ROC curve analysis of the predictive model for intraoperative reperfusion arrhythmias among post-PCI patients in the validation group. PCI: Percutaneous Coronary Intervention.
Discussion
Arrhythmia is one of the most severe complications of acute myocardial infarction, and various serious reperfusion arrhythmias, such as accelerated idioventricular rhythm, ventricular tachycardia, atrioventricular block, bundle-branch block, sinoatrial block, and transient sinus bradycardia, are frequently observed during direct PCI therapy [21-24]. The mechanism of reperfusion arrhythmias is thought to involve a massive influx of calcium ions into the cells following PCI, leading to mitochondrial calcium overload. This disrupts the electro-mechanical coupling of myocardial contractions, causing intense contraction of ischemic myocardial regions, microvascular spasm, increased vascular resistance, and impaired myocardial blood supply, ultimately resulting in arrhythmias [25,26]. Additionally, excess oxygen free radicals generated during reperfusion may contribute to arrhythmia development.
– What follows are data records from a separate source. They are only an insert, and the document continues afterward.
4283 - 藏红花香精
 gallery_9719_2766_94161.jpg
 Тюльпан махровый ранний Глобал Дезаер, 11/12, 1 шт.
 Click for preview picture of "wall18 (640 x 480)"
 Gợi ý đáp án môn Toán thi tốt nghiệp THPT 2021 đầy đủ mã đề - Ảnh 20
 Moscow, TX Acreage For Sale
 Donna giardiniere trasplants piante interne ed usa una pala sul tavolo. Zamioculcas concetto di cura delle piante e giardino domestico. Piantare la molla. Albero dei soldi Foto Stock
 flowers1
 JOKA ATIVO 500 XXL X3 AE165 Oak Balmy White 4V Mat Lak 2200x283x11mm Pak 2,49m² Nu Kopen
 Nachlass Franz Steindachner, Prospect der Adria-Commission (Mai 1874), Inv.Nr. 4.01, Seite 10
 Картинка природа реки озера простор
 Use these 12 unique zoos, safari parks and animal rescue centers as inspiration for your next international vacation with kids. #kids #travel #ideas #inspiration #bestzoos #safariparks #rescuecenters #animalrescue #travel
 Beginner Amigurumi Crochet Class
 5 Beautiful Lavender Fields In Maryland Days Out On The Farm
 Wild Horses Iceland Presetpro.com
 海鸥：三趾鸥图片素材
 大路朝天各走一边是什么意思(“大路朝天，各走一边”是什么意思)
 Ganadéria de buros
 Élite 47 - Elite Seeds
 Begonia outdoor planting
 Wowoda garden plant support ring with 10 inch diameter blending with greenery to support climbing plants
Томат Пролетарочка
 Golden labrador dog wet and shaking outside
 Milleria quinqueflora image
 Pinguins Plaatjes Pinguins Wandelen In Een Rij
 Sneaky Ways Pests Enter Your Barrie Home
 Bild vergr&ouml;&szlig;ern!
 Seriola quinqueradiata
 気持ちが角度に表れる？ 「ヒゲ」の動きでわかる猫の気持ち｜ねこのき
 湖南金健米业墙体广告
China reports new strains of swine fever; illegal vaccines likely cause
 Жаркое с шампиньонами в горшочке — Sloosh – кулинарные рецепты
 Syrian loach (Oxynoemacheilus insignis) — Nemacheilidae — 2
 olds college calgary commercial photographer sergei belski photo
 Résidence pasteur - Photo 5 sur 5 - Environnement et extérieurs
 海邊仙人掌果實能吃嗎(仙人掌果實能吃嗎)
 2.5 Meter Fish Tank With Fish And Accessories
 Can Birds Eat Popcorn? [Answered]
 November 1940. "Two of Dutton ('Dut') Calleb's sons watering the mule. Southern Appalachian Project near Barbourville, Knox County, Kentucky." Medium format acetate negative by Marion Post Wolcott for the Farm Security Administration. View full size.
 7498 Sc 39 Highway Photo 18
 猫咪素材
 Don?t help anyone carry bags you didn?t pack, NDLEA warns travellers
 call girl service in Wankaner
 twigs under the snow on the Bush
While these free radicals can rapidly restore the action potential of ischemic myocardium, the inconsistency in action potentials between the ischemic and border zones leads to myocardial fiber fibrillation, triggering arrhythmias [27-29]. Reperfusion arrhythmias can have serious consequences, including disturbances in electrical activity and hemodynamics, manifested as severe chest pain, hypotension, and even death [30,31].
In this study, reperfusion arrhythmias occurred in 148 out of 200 elderly patients with acute coronary syndrome undergoing direct PCI in the modeling group, with a prevalence of 74%. Factors associated with reperfusion arrhythmias included multivessel disease, presence of pre-infarction angina, pre-procedural TIMI grade 0, and shorter time from symptom onset to PCI.
The incidence of reperfusion arrhythmia was 24.32% in patients with single-vessel lesions and 75.68% in those with multivessel lesions. This may be attributed to the higher likelihood of ischemic symptoms and greater collateral circulation development in patients with two- or three-vessel disease compared to those with single-vessel disease, providing a certain degree of ischemic preconditioning. The incidence of reperfusion arrhythmia was 58.11% in patients with right coronary artery infarction, higher than that in those with left anterior descending artery (24.33%) or left circumflex artery infarction (22.97%). This could be due to the sinoatrial and atrioventricular nodes receiving blood supply from the right coronary artery, which has a rich vagal innervation, making it more susceptible to bradycardia or hypotension through the Bezold-Jarisch reflex, leading to arrhythmias [32]. Patients with right coronary artery lesions often present with subtle clinical symptoms, higher collateral circulation patency, and full utilization of cardiac functional reserves to maintain myocardial perfusion during progressive occlusion. This results in a reduced ability to tolerate PCI events and difficulty in hemodynamic recovery. Conversely, patients with subtotal occlusion of infarcted vessels experience a smaller extent of myocardial ischemia, less myocardial damage, and a significantly lower incidence of reperfusion arrhythmia compared to those with complete occlusion [33].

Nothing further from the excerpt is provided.